Wikipedia też i wiele innych zdrowych projektów społecznościowych, więc z tym się akurat nie zgadzam.

O działalności zarządu OSM Foundation nic nie wiem (poza tym, że poprzedni prezes ustąpił po cichu, co brzmi niedobrze), a reszta to prawda - mapka może być o wiele bardziej interaktywna i bogata, to nie musi być tylko odpowiednik papierowej wersji. Bo już z bieżących zasobów OSM może swobodnie konkurować z Google Maps, ale nie w dziedzinie integracji usług i zdolności do wykorzystania ich w pełni, tutaj jest najwyżej średnio (bez niedawno dodanego trasowania to nawet tyle by nie było).

Obecnie OSM jest konkurencyjne przede wszystkim w postaci OsmAnda. Serwis WWW jest w praktyce bezużyteczny.

Wikipedia boryka się z podobnymi problemami co my, ale tam jest chyba jeszcze gorzej - wygląd strony stanął w miejscu kilka lat temu i mimo różnych projektów jego odświeżenia, takich jak http://www.wikipediaredefined.com/ , czy http://www.fastcodesign.com/3032775/a-beautiful-wikipedia-design-that-borrows-inspiration-from-ipad-apps#3 tam też decydenci udają że problemu nie ma i nie trzeba niczego zmieniać, my przynajmniej mamy normalny system forum + wiadomości prywatnych, na wikipedii trzeba się porozumiewać przez specjalne strony dyskusji (!) i podpisywać czterema tyldami; patrząc na ten projekt z drugiego linku aż mi żal, bo z takim designem przeglądanie wikipedii przypominałoby sceny z filmów science fiction, tak samo byłoby po ulepszeniu osm, ale jeśli w zarządach tych serwisów nie pojawią się osoby które będą traktowały je jak produkt do sprzedania to nic się nie zmieni i przez 10 kolejnych lat

Dlatego kandydowałem do zarządu OSMF. W tym roku też to zrobię, aż do skutku. Tym razem można być członkiem OSMF bez płacenia składek (można się zwolnić) ale by móc oddać głos, trzeba tam być przynajmniej przez miesiąc tak więc zapisujcie się.

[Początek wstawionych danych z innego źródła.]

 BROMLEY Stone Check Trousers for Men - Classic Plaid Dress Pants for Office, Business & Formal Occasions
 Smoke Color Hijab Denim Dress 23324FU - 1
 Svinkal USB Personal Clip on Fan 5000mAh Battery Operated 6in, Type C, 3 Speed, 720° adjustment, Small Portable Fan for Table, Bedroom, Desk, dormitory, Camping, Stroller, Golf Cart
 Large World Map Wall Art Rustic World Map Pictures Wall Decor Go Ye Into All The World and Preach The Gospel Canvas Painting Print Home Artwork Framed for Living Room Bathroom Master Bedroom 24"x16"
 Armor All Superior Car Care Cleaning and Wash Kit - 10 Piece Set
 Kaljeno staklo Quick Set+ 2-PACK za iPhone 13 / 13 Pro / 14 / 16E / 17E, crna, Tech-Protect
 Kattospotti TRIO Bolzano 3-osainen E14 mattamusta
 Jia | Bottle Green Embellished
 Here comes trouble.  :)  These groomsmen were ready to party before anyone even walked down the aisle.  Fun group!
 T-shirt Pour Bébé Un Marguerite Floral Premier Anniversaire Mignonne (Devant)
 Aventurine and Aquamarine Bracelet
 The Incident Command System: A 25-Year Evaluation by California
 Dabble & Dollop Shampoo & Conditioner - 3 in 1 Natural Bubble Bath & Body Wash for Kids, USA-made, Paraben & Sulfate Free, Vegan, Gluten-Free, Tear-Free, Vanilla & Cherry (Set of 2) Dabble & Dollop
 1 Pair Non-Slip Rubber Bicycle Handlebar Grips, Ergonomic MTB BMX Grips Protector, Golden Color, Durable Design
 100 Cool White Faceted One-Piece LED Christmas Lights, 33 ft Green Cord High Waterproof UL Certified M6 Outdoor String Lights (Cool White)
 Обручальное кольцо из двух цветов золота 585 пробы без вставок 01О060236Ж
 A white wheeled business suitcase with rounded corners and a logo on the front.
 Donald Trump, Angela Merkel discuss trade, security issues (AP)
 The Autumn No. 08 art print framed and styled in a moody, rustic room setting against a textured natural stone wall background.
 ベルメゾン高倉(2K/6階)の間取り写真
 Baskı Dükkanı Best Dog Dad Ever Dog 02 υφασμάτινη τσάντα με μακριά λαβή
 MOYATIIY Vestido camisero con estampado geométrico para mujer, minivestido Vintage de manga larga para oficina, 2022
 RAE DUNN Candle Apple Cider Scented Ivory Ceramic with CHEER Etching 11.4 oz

Ok, wyjaśnij proszę krok po kroku jak Cię wspomóc

Zerknij tutaj:http://wiki.openstreetmap.org/wiki/Foundation

Wchodzisz na stronkę: http://wiki.osmfoundation.org/wiki/Join pisząc że chcesz zostać członkiem ale prosisz o zwolnienie ze składki członkowskiej, no chyba, że chcesz ich wspierać.

Kiedy dojdzie do wyboru zarządu zostaniesz poinformowany mailem i via mail oddasz swój głos.

No to zdecydowanie warto się zapisać! Bez żadnej wazeliny: z taką dawką energii, chęci współpracy, potrzeby organizacji, pracowitości, cierpliwości, międzynarodowego obycia i (co chyba najważniejsze w tej sprawie) zdolnością myślenia poza schematami Marek jest dla mnie idealnym kandydatem, żeby przełamać tę stagnację w OSM. Jedyne, czego bym się obawiał, to żeby miał tam z kim współpracować i żeby się nie wypalił. Nie znam tych ludzi niestety, ale wydaje mi się, że Richard Fairhurst byłby bardzo sensowny, gdyby znów się dostał (bo m.in. jest twórcą edytorów webowych oraz interfejsu do trasowania i nadal interesuje się szerszymi sprawami niż czysto techniczne, np. ludzkimi motywacjami: http://stateofthemap.us/the-map-that-never-sleeps/). Może warto z nim pogadać na temat kandydowania?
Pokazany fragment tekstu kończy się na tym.